Yeah I'd love something that has a longer life span! Also something that I could possibly handle every so often


----------



## SmexyHerps (Dec 14, 2012)

You should get a couple of degu's, they live to like 7-10 years and are like little ninjas:2thumb: I own 6 in a 5ftx5ftx4ft tank and you can tame them really easy and are really sociable


----------



## UrolithicTitan (Sep 12, 2010)

-African pygmy doormice
-African pygmy mice
-Short tailed opossum
-Accacia rats
-Tenrec


----------



## mrcriss (Nov 2, 2010)

UrolithicTitan said:


> -African pygmy doormice
> -African pygmy mice
> -Short tailed opossum
> -Accacia rats
> -Tenrec


In a 2x2x2?? Wouldn't keep any mammals in that.


----------



## Jesss (Mar 24, 2011)

mrcriss said:


> In a 2x2x2?? Wouldn't keep any mammals in that.

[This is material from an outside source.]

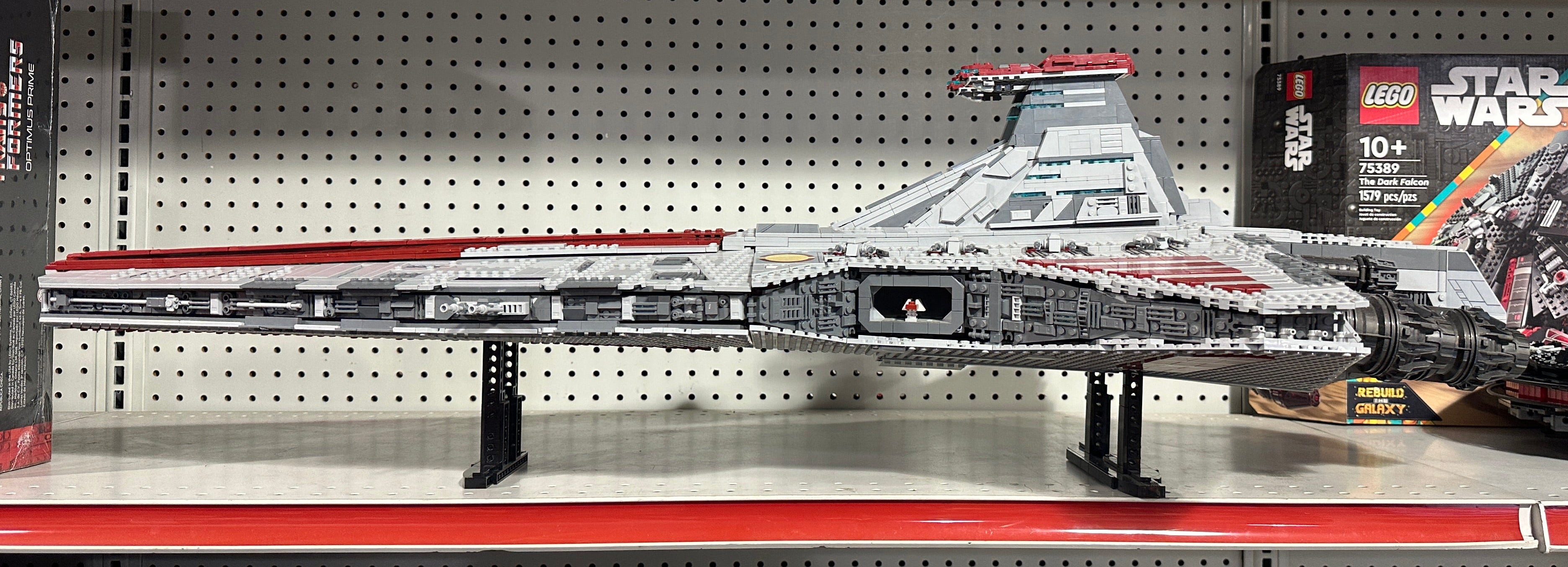 LEGO® Star Wars 75367-1 - Venator-Class Republic Attack Cruiser - UCS BUV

Oki! Thanks I was just wondering if there was, doesn't matter - I was pretty sure nothing would go in there anyway!


----------



## UrolithicTitan (Sep 12, 2010)

mrcriss said:


> In a 2x2x2?? Wouldn't keep any mammals in that.


All of the above species could live comfortably in that size enclosure, provided the height of the enclosure is also used. However, the larger the enclosure the better for its inhabitants.


----------



## mrcriss (Nov 2, 2010)

With respect, possibly some of them, but others I definitely wouldn't squeeze into there. 

The thing is, when did it all become about "what can I fit into this?", and not "I want this animal, what size enclosure do they need?"......there's a world of difference. I see it more on the snake section. Its all about minimum requirements these days, and that worries me.


----------



## UrolithicTitan (Sep 12, 2010)

mrcriss said:


> With respect, possibly some of them, but others I definitely wouldn't squeeze into there.
> 
> The thing is, when did it all become about "what can I fit into this?", and not "I want this animal, what size enclosure do they need?"......there's a world of difference. I see it more on the snake section. Its all about minimum requirements these days, and that worries me.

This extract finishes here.